Die beiden Glocken, die frei in einem Mauerpfeiler hängen, wurden übrigens von himolla-Firmengründer Carl Hierl finanziert. In den Tönen a und c harmonieren sie seither mit denen der katholischen Pfarrkirche Sankt Pauli Bekehrung.

„Eine Kirche ist für mich in erster Linie ein Ort, an dem Menschen sich Zeit nehmen, zur Ruhe kommen und Gott begegnen können“, antwortet der amtierende Pfarrer Edson Schumacher auf die Frage, was ihn mit der Johanneskirche verbinde. „Dass unsere Kirche eine historische Bedeutung hat, ist etwas sehr schönes, steht für mich als Theologe aber nicht an erster Stelle“.
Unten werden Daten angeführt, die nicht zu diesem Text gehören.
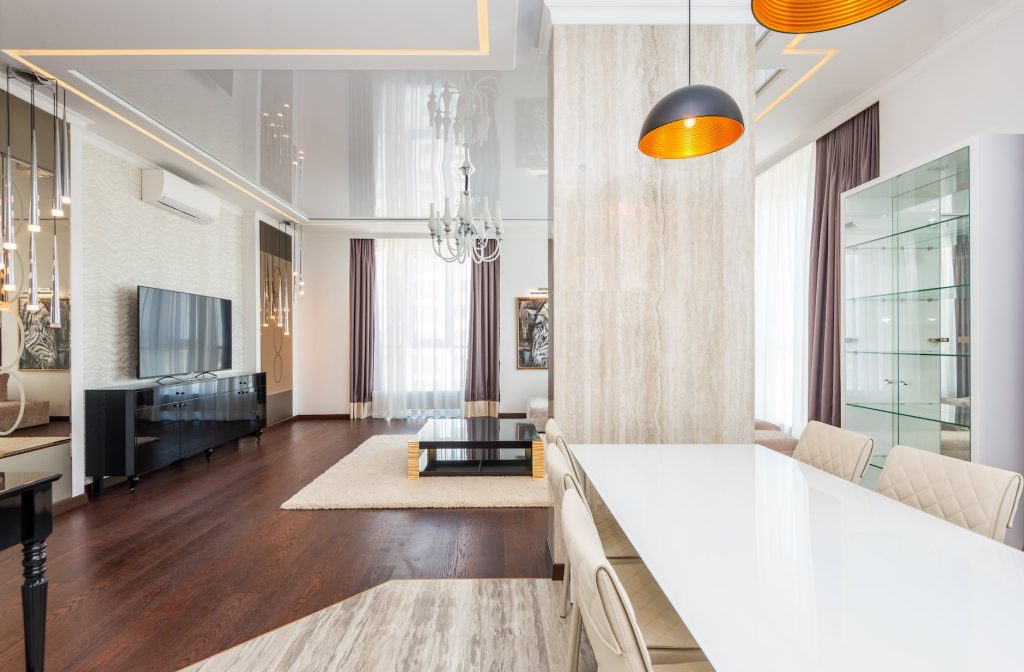 lamps over table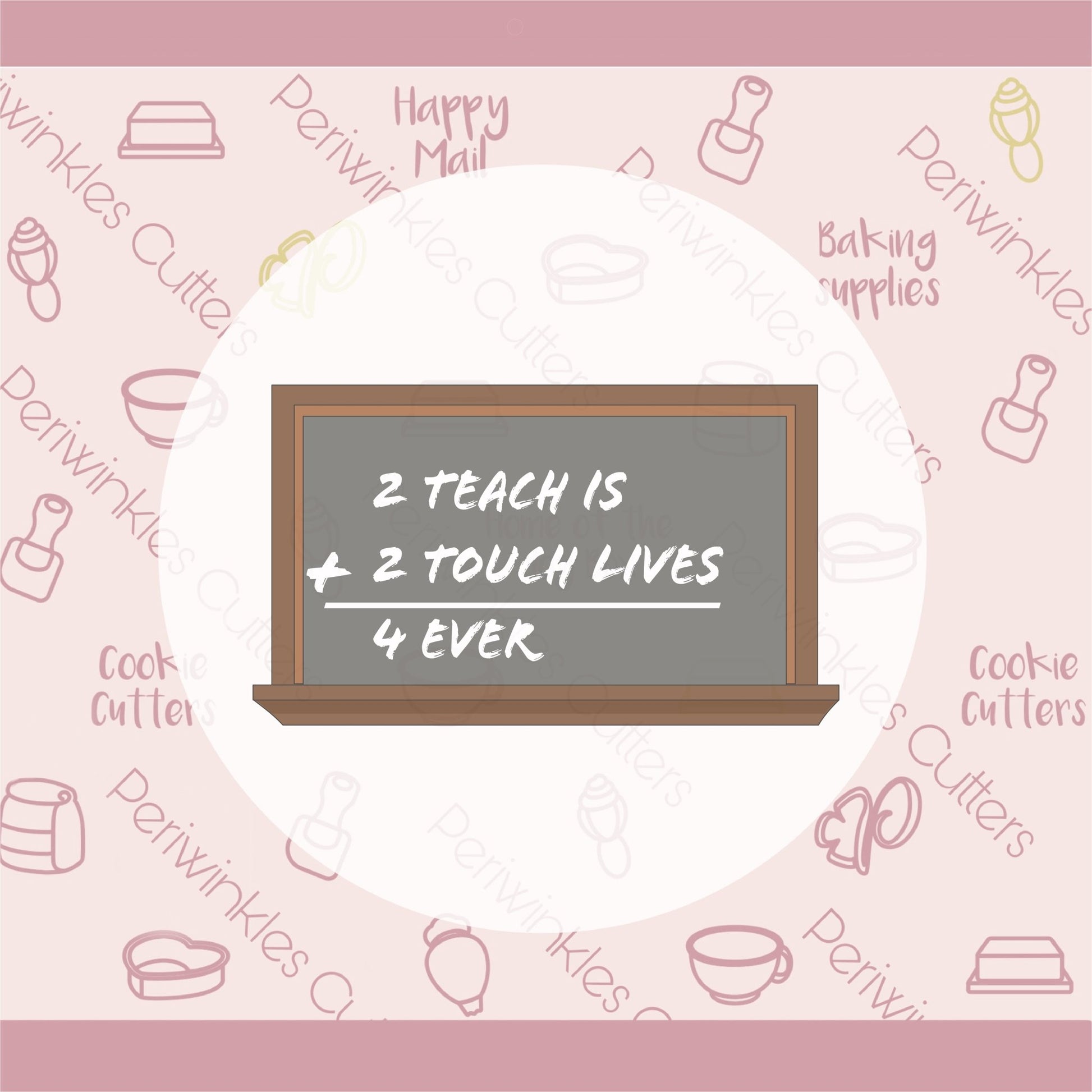 Chalkboard Cookie Cutter - Periwinkles Cutters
Als besonders gelungen empfindet er die Anordnung des Taufbeckens, das im Mittelpunkt stehend auch den hohen Wert der Taufe widerspiegelt. Die große Nähe, die zwischen ihm und den Gläubigen durch die Reihung der Bänke im Viertelkreis entsteht, schätzt er als architektonische Umsetzung der evangelischen Gemeinschaft. Diese wird auch außerhalb der Gottesdienste gelebt, zu den Höhepunkten zählt das jährliche Johannesfest am 24. Juni, also an dem Tag, an dem die Kirche eingeweiht wurde.

970 Mitglieder zählt Pfarrer Edson Schumachers Gemeinde, zu der auch das Holzland zählt, heute. Die regulären Sonntagsgottesdienste beginnen um 9.00 Uhr, die Anzahl der Besucher ist derzeit durch Abstandsregeln eingeschränkt. Jeden dritten Sonntag im Monat feiert die griechisch-orthodoxe Gemeinde mit Erzpriester Georgios Vletsis die heilige Messe.

Johanneskirche Gottesdienst FH2
Gottesdienst mit Pfarrer Edson Schumacher – unter Eingehaltung des Corona-Abstands für die Besucher.